Mit erfrischendem Offensiv-Fußball war die blutjunge Truppe um den künftigen deutschen Nationalspieler Younes in der Europa League durch die Gruppen- und K.o.-Phase gestürmt. Vor allem bei Younes, der dank seiner Leistungen von Joachim Löw für den Confed Cup berufen wurde, ist das Selbstvertrauen groß. „Wir glauben an unsere Stärke und haben auch gegen ein Team wie Manchester eine Chance“, sagt der 23-Jährige, dem einst in der Bundesliga der Durchbruch verwehrt blieb: „Ich bin extrem stolz auf das, was wir erreicht haben.“
Ähnlich sieht es Trainer Peter Bosz, der kürzlich auch bei Borussia Dortmund im Gespräch war. „Wir waren gut“, bilanzierte er und sagte in Richtung Mourinho: „Sonst hätten wir das Finale nicht erreicht. Ich glaube, dass alle Niederländer, nicht nur Ajax-Fans, auf uns stolz sein können.“
Schließlich hat der 33-malige Meister den Verein und das Land wieder „ein wenig auf die europäische Landkarte gestellt“, sagte das 17 Jahre alte Supertalent Matthijs de Ligt, einer dieser jungen Wilden im Team mit einem Altersschnitt von knapp 23 Jahren. Als der UEFA-Cup-Sieger von 1992 im Halbfinale den Geheimfavoriten Olympique Lyon mit 4:1 schlug, waren sieben von elf Spielern der Startelf 21 Jahre oder jünger. Die Art und Weise wie Ajax auftrumpft erinnert an die große Ära.

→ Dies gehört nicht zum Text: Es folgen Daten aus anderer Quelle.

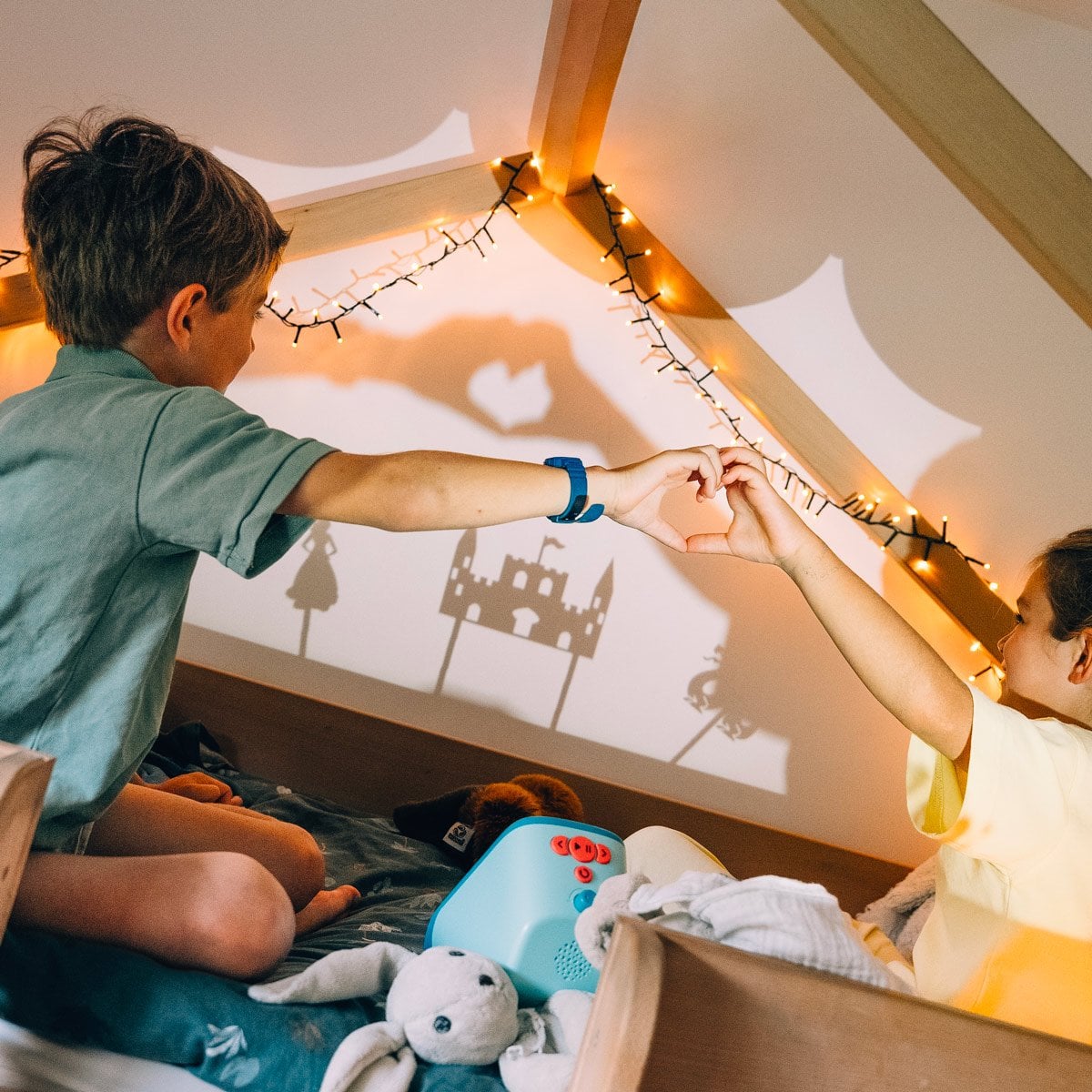 Projecteur d’histoires Tikino - Idée cadeau enfant ludique et éducative - Jouet original à offrir - Lumière douce (Tikino) - Image 5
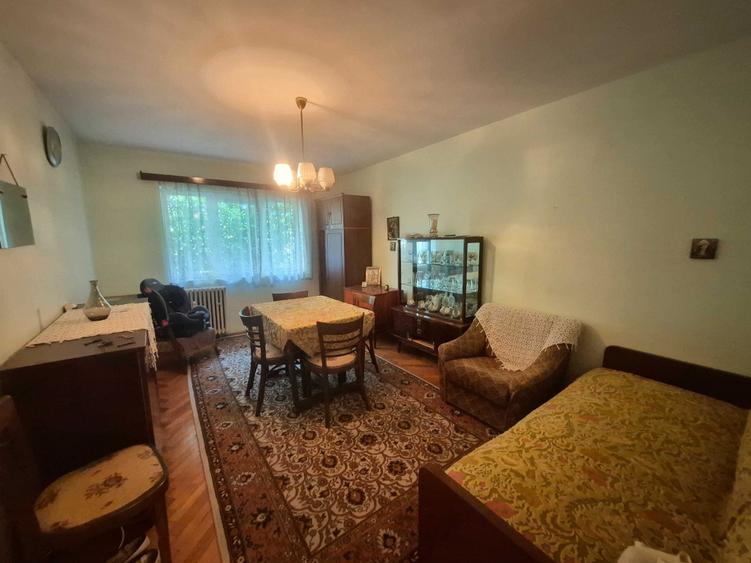 Apartament cu 2 camere decomandat în Exterior Vest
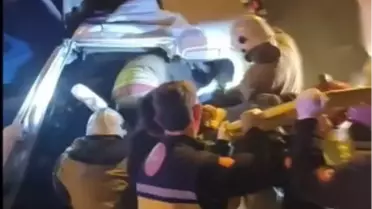 Kaza sonrası tünel çıkışındaki polis ekipleri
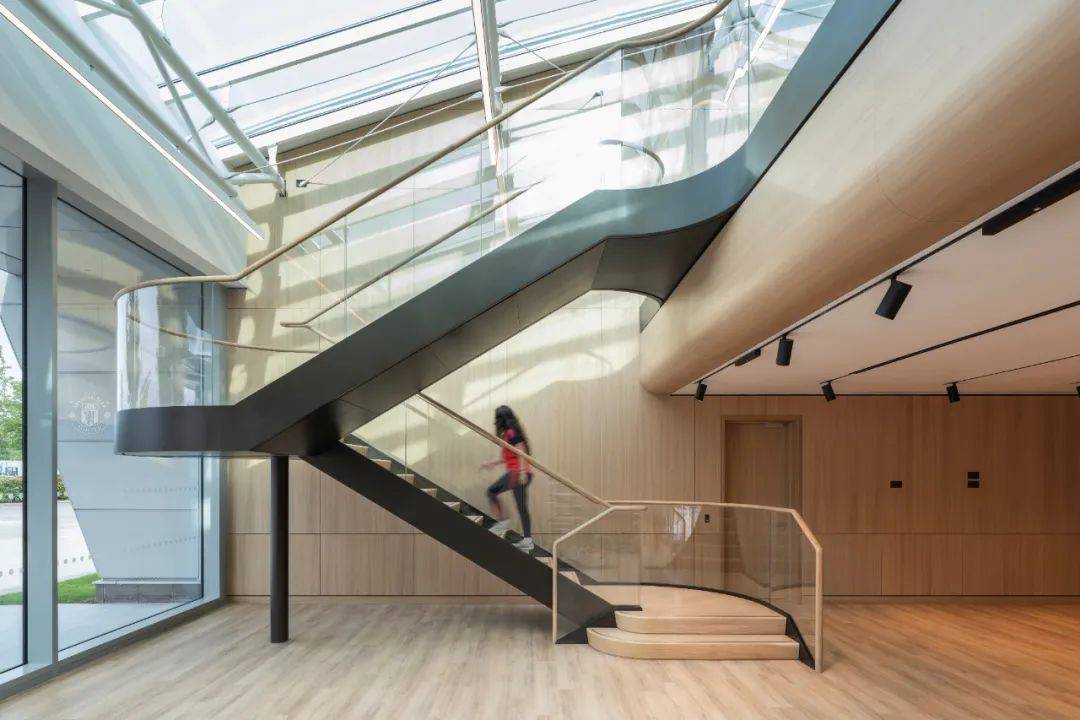 俱乐部公告:卡灵顿训练基地改建完成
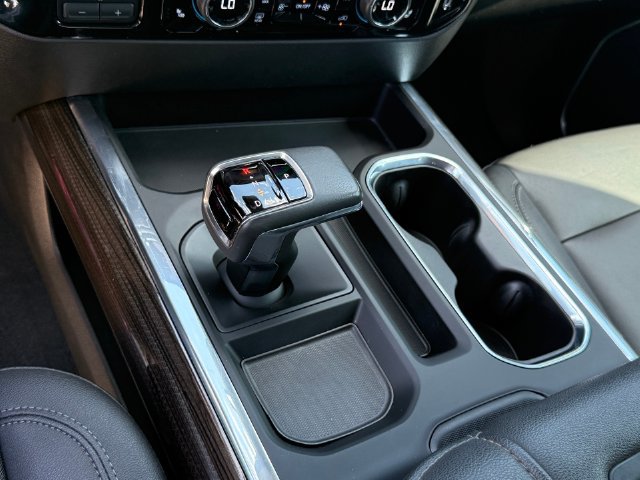 Used 2022 Chevrolet Silverado 1500 LT Trail Boss w/ LT Trail Boss Premium Package AWD/4WD image 22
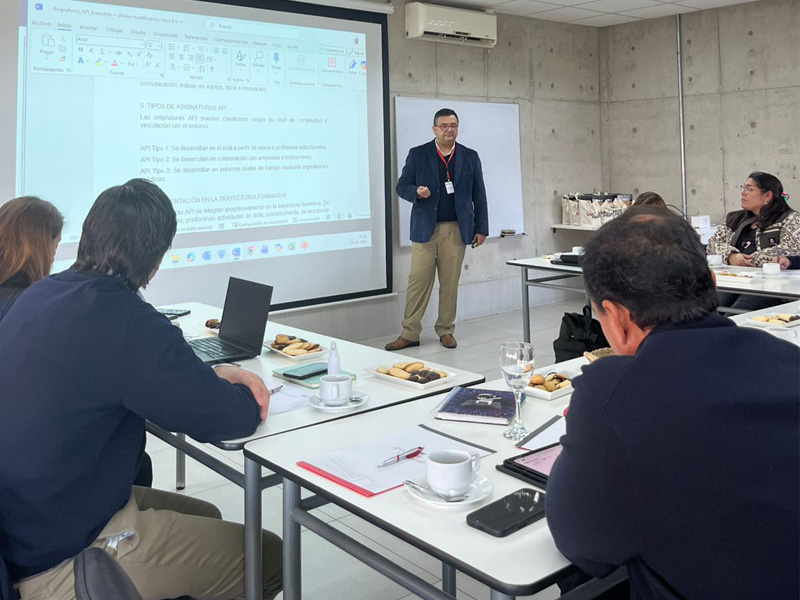 Reunión con los consejeros, expone el Vicerrector de Sede Curicó Marcelo Valdivia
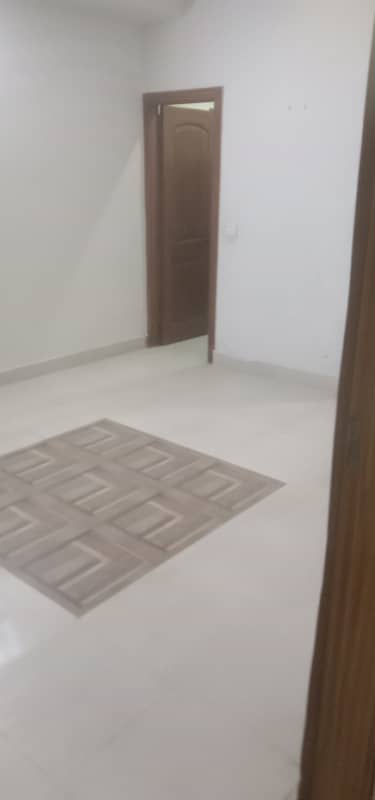 3 Bed Flat 1st Floor at B Block Mini Markaz, B17 7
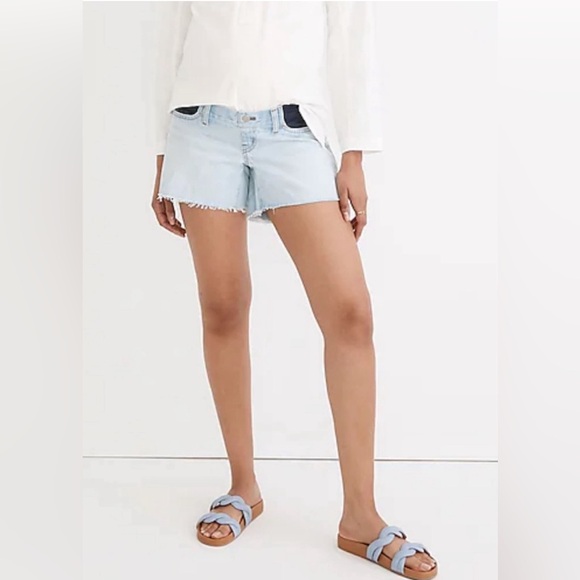 Madewell Pants - MADEWELL JEANS MATERNITY DENIM SHORTS NWT 25 DISTRESSED MID RISE S NEW!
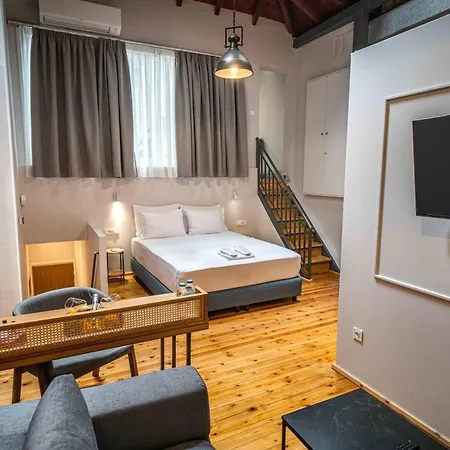 Belle - Luxury At Monastiraki Railway Station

In den glorreichen 1970er-Jahren war Johann Cruyff der König von Amsterdam gewesen, Mitte der 90er unter Trainer Louis van Gaal sorgten Stars wie Frank Rijkaard, Clarence Seedorf, Dennis Bergkamp oder Patrick Kluivert in Europa für Furore. Nun schicken sich Talente wie de Ligt, Kluivert-Sohn Justin (siehe Bericht rechts) oder Younes an, alte Zeiten wieder aufleben zu lassen.
Sollte die Chance heute genutzt werden, würde Ajax den ersten internationalen Titel seit 22 Jahren feiern. Die letzte Meisterschaft holte der Club 2014 – kein Wunder also, dass der Erfolgshunger riesig ist. „Wir wollen etwas in den Händen halten. Der Sieg in der Europa League wäre der Jackpot“, sagte Kapitän Davy Klaassen.
Einer hat jedoch was dagegen, er sitzt bei United auf der Bank. „Endspiele machen immer Spaß. Die Europa League ist ein großer, wunderschöner Wettbewerb, den ich gewinnen will“, sagte Mourinho. Sollte er es schaffen, wäre die Qualifikation für die Champions League perfekt – und das Jammern über Absteiger in die Europa League endlich beendet.